Ich habe ein Programm, das hauptsächlich Dateien wie beispielsweise XML-Dateien in nem eigenen Editor bearbeitet und verwertet. Und so wie in Eclipse möchte ich nun auch in meinem Programm im File-Menü eine Liste der Dateien, die ich zuletzt geöffnet habe. Da es das in Eclipse ja gibt und es anscheinend auch funktioniert habe ich mich eben gefragt, ob man da irgendwie dran kommt. Oder ob man zumindest irgendwo sehen kann, wie die das gemacht haben, damit man es selbst umsetzen kann.
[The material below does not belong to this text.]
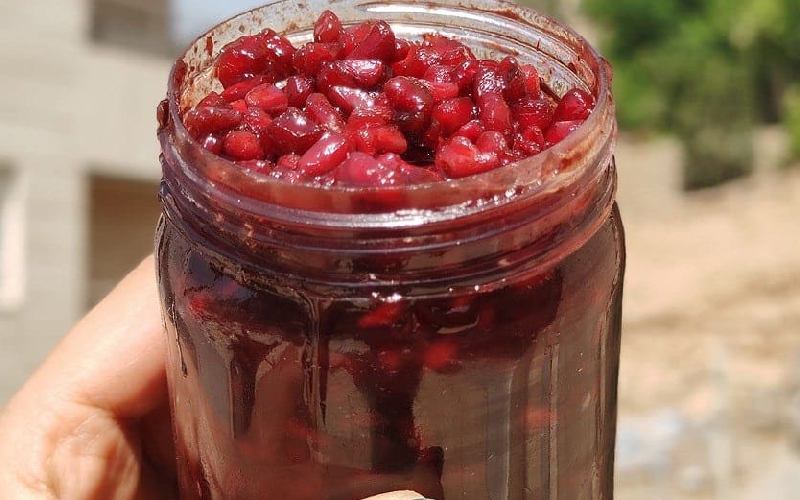 ترشی انار ترش؛ طعم فوق العاده مناسب چاشنی غذا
So schwierig kanns doch eigentlich auch nich sein.. ???:L


----------



## SlaterB (15. Dez 2009)

wie es konkret gemacht ist, kann ich nicht sagen, allgemein kann es nicht so schwer sein,
wenn man eine Datei öffnet, kommt man an Code wie
addToHistory(File)
vorbei

alle paar Minuten und/ oder beim Beenden gibts nen Aufruf
saveHistory()
und die schreib die Daten in eine XML-Datei, davon hat Eclipse ja mehr als genug pro Workspace,
beim Starten dann daraus laden: loadHistory(),
und sowieso mit GUI verknüpfen usw., ganz normal programmiert behaupte ich


----------



## Gonzo17 (16. Dez 2009)

Man lernt nie aus. Alles viel einfacher, als man dachte. Ich hab mal bei Eclipse abgeschaut und folgende Zeilen in der Klasse "WorkbenchActionBuilder" gefunden:

[JAVA=484]menu.add(ContributionItemFactory.REOPEN_EDITORS.create(getWindow()));
menu.add(new GroupMarker(IWorkbenchActionConstants.MRU));[/code]

Das beantwortet meine Frage und liefert genau das, was ich gebraucht hab. 
Aber gut zu wissen, dass es eine Klasse "ContributionItemFactory" gibt, von der wusste ich bis dato nichts.


----------